SadJokes_courtesy of Salzgeber

Source: Courtesy of Salzgeber

Sad Jokes

Fabian Stumm won the €30,000 best director prize for Sad Jokes at this year’s edition of the German Cinema New Talent Awards, presented at the Munich International Film Festival.

Stumm’s second film is a musing on the inherent comedy of the human condition, and stars Stumm himself, with Haley Louise Jones. 

The jury of Mariko Minoguchi, Denis Moschitto, and Florian Koerner von Gustorf described the film as: “A focused look at the absurdities and vicissitudes of life, which can be harsh and abrasive, then simply unreal, and ultimately beautifully poetic.”

Sad Jokes will be released in Germany on September 12 by Salzgeber & Co.
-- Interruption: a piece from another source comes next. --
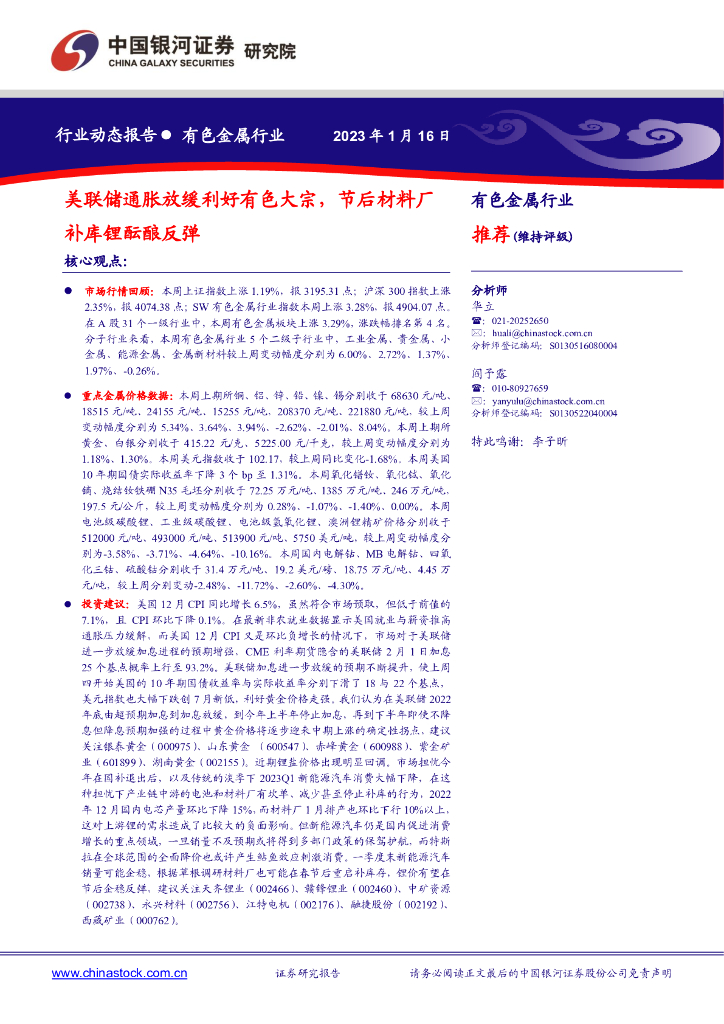 中国银河：有色金属行业周报：美联储通胀放缓利好有色大宗，节后材料厂补库锂酝酿反弹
Medien, which is also handling world sales for the film.

The awards ceremony at the University of Television and Film (HFF) in Munich on July 5 also saw Cologne-based producer Semih Korhan Güner receive the €20,000 award for best production for Justine Bauer’s debut feature Smell Of Burnt Milk which was shot largely in dialect and set on a dairy farm in southern Germany.
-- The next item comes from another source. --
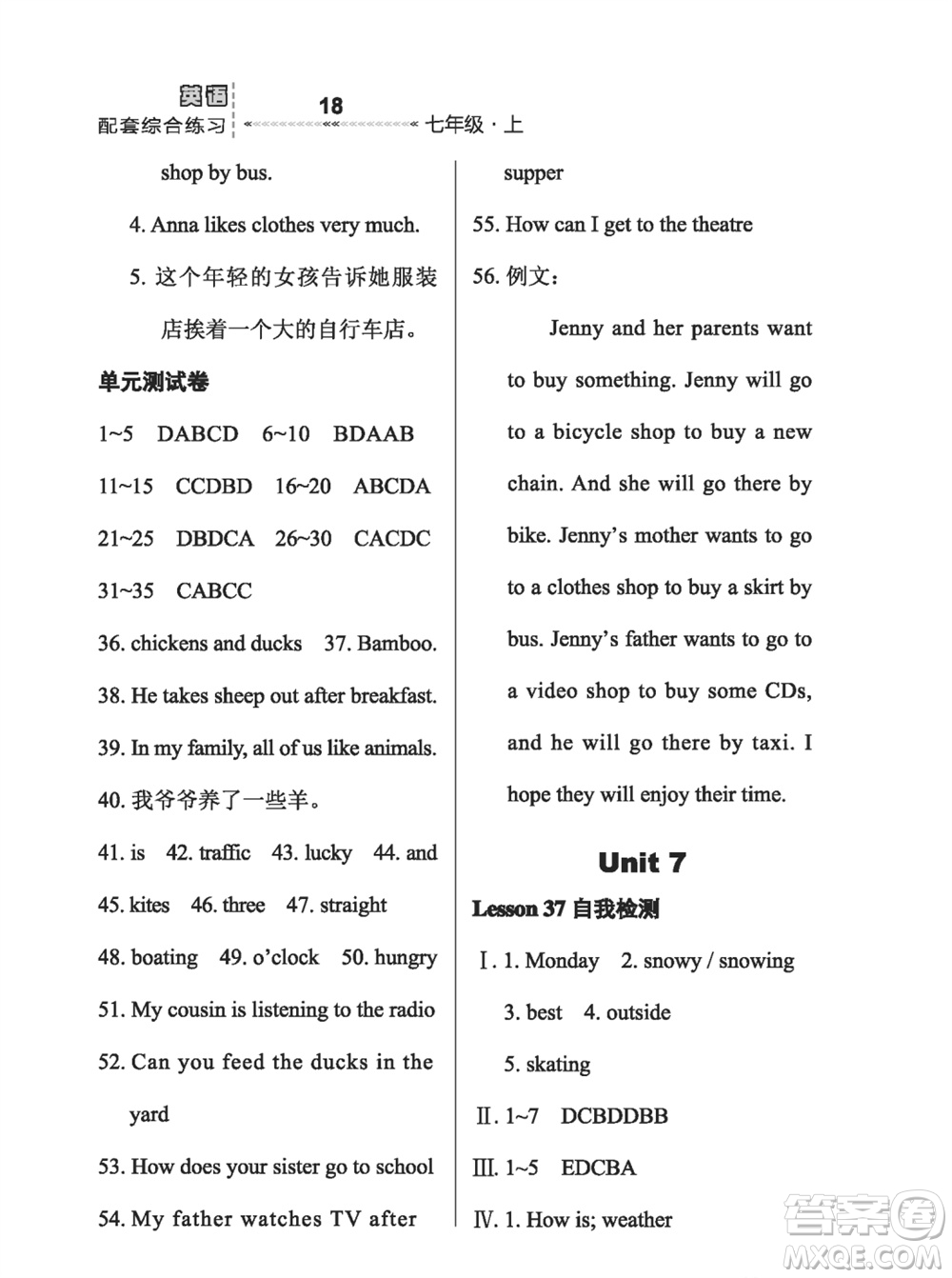 河北教育出版社2023年秋配套綜合練習七年級英語上冊冀教版參考答案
Bauer is now working with Güner on developing his feature directorial debut Mein Stück Land which has already received script funding from Filmstiftung NRW.
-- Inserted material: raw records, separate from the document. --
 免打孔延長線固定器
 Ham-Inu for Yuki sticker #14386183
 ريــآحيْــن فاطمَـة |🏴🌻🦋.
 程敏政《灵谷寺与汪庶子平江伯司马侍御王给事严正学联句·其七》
The €10,000 award for best screenplay went to the HFF graduates Aaron Arens and Lukas Loose for their debut feature Places In The Sun which will be released in German cinemas by Filmwelt Verleihagentur on Augus 22t and is the first feature film production by the Munich-based outfit Maverick Films.

Arens and Loose’s prize, which also includes admission to a mentoring programme organised by Bavaria Fiction and supervised by development executive Thomas Kren, follows the City of Munich’s Starter Prize awarded to artistically outstanding projects by newcomer filmmakers.

The €10,000 award for best acting performance was garnered by the non-professional Ghanian actress Atika Jumaih Bashiru for her role in Jan Hendrik Lübbers’ debut feature O Chale , his graduation film from the ifs international filmschule köln.

The jury declared Bashiru’s performance in Lübbers’ docufiction “conveys a sincerity that has moved us. Her ability to express emotions and inner turmoil through her mere presence is impressive and proves that good acting doesn’t always have to be loud and expressive”.

The German Cinema New Talent Award is sponsored by Bavaria Film, Bayerischer Rundfunk, and DZ Bank and recognises outstanding achievements by emerging talent in feature films screened in the New German Cinema section of the Munich International Film Festival.